Traditionally, during the design of hydraulic structures, the effects on river flooding are mostly evaluated by the one-dimensional (1D) method which is based on the law of conservation of energy [3, 4]. In this method, the main emphasis is placed on backwater effects. Besides this, the unsteady 1D method based on shallow water equations or Saint-Venant equations is applied widely to evaluate the flood risks of river channels. Forster et al. [5] investigated the flooding and emptying process of a proposed storage area on the Middle Elbe River, where a 1D hydrodynamic model was used for a 20 km reach of the Elbe River and the storage area was modeled by two storage cells each representing one polder basin. Tomasz et al. [6] studied the impact of a bridge on flooding of the Warta River near Wronki in Poland using the 1D HEC-RAS package. Petaccia and Natale [7] developed a 1D numerical model (ORSADEM) and applied it to analyze flood inundation of the Brembo River. Generally, because of their lower computational cost, 1D numerical models have been widely used for the evaluation of river floods. However, for the complex topography of local river channels, such as the curvature and bifurcation, the flow fields are complex and vary in two horizontal coordinates, so the 1D model cannot reproduce the details of the flow fields. Consequently, coupled 1D and 2D models or 2D models were developed and employed to predict flood inundation [8–11].

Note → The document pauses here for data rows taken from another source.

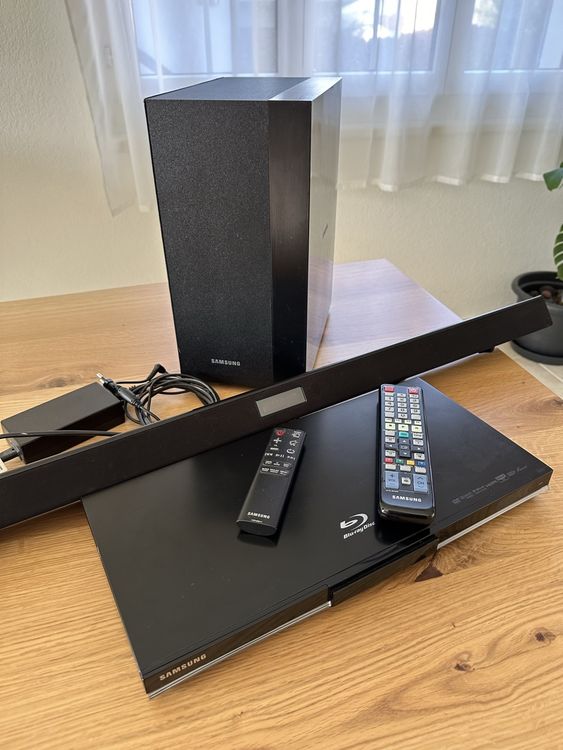 Samsung Soundbar mit BluRay Player Kaufen auf Ricardo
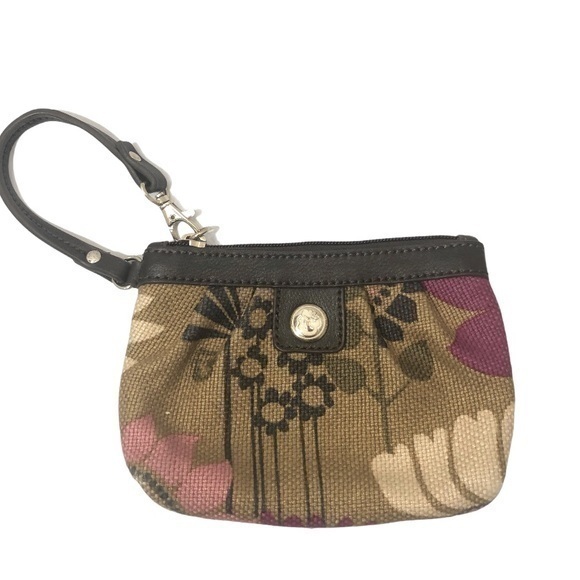 Spartina 449 brown wristlet - Picture 1 of 5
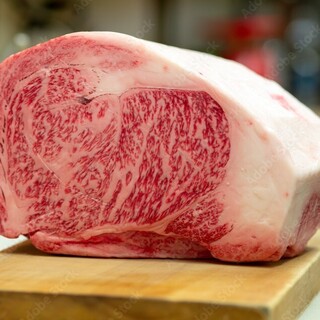 厳選の黒毛和牛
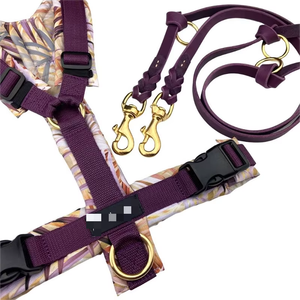<span class=keywords><strong>Harnais</strong></span> en nylon léger en tissu Cordura respirant haute résistance 3M réfléchissant pour grands chiens <span class=keywords><strong>Harnais</strong></span> solide personnalisé pour animaux de compagnie - Product Image 5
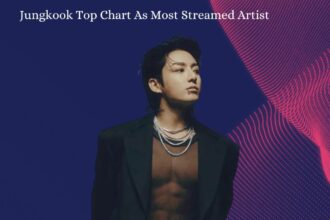 Jungkook Top Chart As Most Streamed Artist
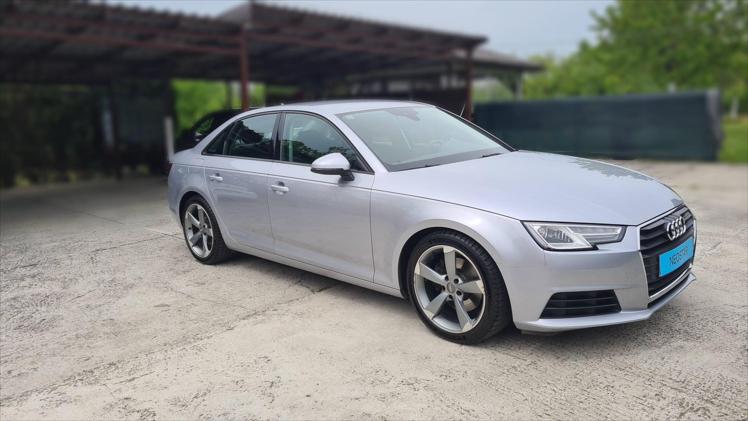 Audi A4 2,0 TDI S tronic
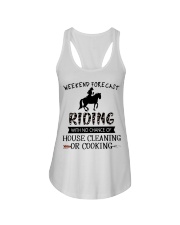 Weekend forecast Ladies Flowy Tank tile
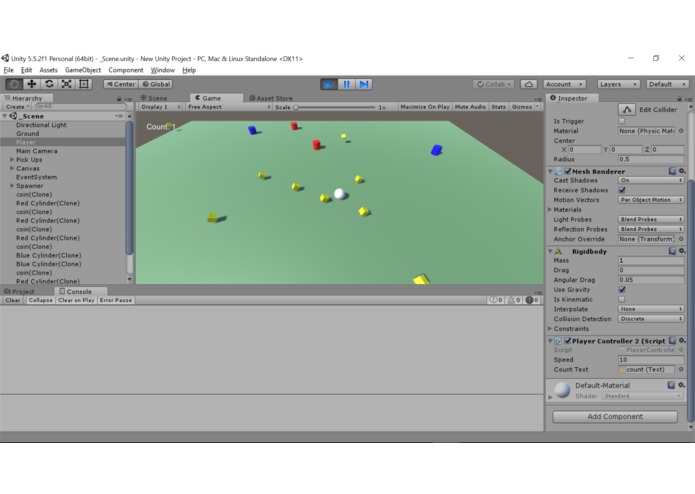 Rolling-Ball – screenshot 1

With the development of the LIDAR technique [12, 13], message passing interface (MPI), and graphic processing unit (GPU) techniques [14–16] in recent years, digital elevation model (DEM) data can be obtained efficiently, and the computational efficiency of 2D models has been improved greatly, promoting the development and application of 2D hydrodynamic models. 1D and 2D unsteady and nonuniform flow modeling of the flood wave routed down river valleys has been presented, including modeling of a channel bifurcation at the confluence and backwater effects [8]. A coupled 1D and 2D hydrodynamic model for flood risk management in urban areas was developed to overcome the drawbacks of each individual modeling approach, and an additional module was used to simulate the rainfall-runoff process in study areas [9]. Using MIKE 21 FM, Wang et al. [10] investigated the effects of bridge piers on river floods in the Jialing River, China. Ahn et al. [17] carried out a numerical simulation to predict the urban inundation area due to extreme rainfall using the Mike21 model. Full-scale fluvial flood modeling over large catchments was carried out using coupled hydrological and hydraulic/hydrodynamic models [11]. By using a multiple modern GPU acceleration technique, more than 2.5 times faster than real time was achieved although it involved 100 million computational cells inside the computational domain. In general, the 2D numerical models are expected to predict the flood flow fields more accurately, which is of great help for the design of hydraulic projects and the management of flood risks.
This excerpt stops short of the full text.